What does it mean to take refuge in God?
A refuge is a place of rest
“Let me dwell in your tent forever!” cries the Psalmist, “Let me take refuge under the shelter of your wings” (Psalm 61:4). “Look to the right and see: there is none who takes notice of me,” writes another, “no refuge remains to me; no one cares for my soul. I cry to you, O Lord; I say, “You are my refuge; my portion in the land of the living” (Psalm 142:4–5). When we are tired and weary, lacking direction and hope, God himself acts as a place to rest. If we have nowhere to turn, we can turn to God himself. Again, because you cannot take refuge from God, you take refuge in God.
When your habits of rest, mindfulness, and margin run out (all trending words right now), it is time to bow your knees in prayer, fast, and cry out to the Lord for refuge in his ever-permeating presence. The beauty is that we do not need to “go” to him in the geographic sense — no running to a temple needed, no pilgrimage to a holy site or sanctuary. He himself is the sanctuary. He alone is the temple. When Christ died on the cross, the veil of the Jewish temple was ripped apart because, at that point, the dwelling place of God went wild (Matthew 27:51, Mark 15:38, Luke 23:45). Unleashed upon the human race for all those who claim Christ, the presence of God is no longer limited to a physical location (Ezekiel 36:27, 37:14). You want rest? Enter into God’s rest (Hebrews 4:1–13). We join the Psalmist as he says, “Preserve me, O God, for in you I take refuge” (Psalm 16:1).
A refuge is a place of protection
Most commonly in the Psalms, a “refuge,” is a place of protection: both physical and spiritual. David and other writers of the Psalms had their fair share of enemies. Foreign nations, betrayers, critics, and heretics were all coming for them. But they also understood their enemies to be spiritual, lofting attacks that would not just hurt their body but destroy their faith in Yahweh. God was their protection from all kinds of harm.
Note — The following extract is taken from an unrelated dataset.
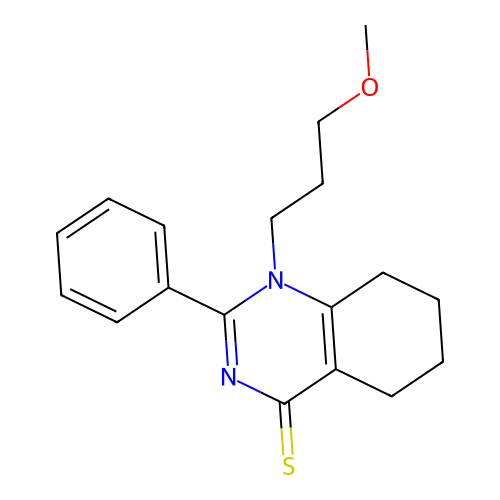 1-(3-methoxypropyl)-2-phenyl-5,6,7,8-tetrahydroquinazoline-4(1H)-thione structure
“Wondrously show your steadfast love, O Savior of those who seek refuge from their adversaries at your right hand” (Psalm 17:7). Again: “The Lord helps them and delivers them; he delivers them from the wicked and saves them, because they take refuge in him” (Psalm 37:40). The Psalmist has confidence in Yahweh “for you have been my refuge, a strong tower against the enemy” (Psalm 61:3).
Do you feel a lack of protection? Are you in a position of vulnerability and weakness? Do you sense that you are surrounded by evil doers? You have company in the Psalms and you can have assurance that God himself will protect you. God is our protective refuge because there is no place God is not — he accompanies us through famine, war, and pestilence, through suffering and harm. Most dramatically, he even accompanies us to death.
In one of the more famous Psalms, the writer concludes, “I can never escape from your Spirit! I can never get away from your presence! If I go up to heaven, you are there; if I go down to the grave, you are there” (Psalm 139:7–8). God will offer you protection and refuge even as your body fails you. He accompanies us to death. How can we be sure? Once again, the cross shows us proof that God is well acquainted with death. Through Christ, we see God going to death itself — even death on a cross (Philippians 2:6–8). He didn’t just look at death, he doesn’t just know about death — he has died. More, he is risen! So he relieves death’s grip. If he’s been there before and conquered it, we can trust he’ll be with us through anything. God’s protection does not end or run out when our body fails. He goes before us in death, shows himself victorious, and raises us with him in Christ (Romans 6:4, Ephesians 2:6, Colossians 3:1). God protects us—even in death.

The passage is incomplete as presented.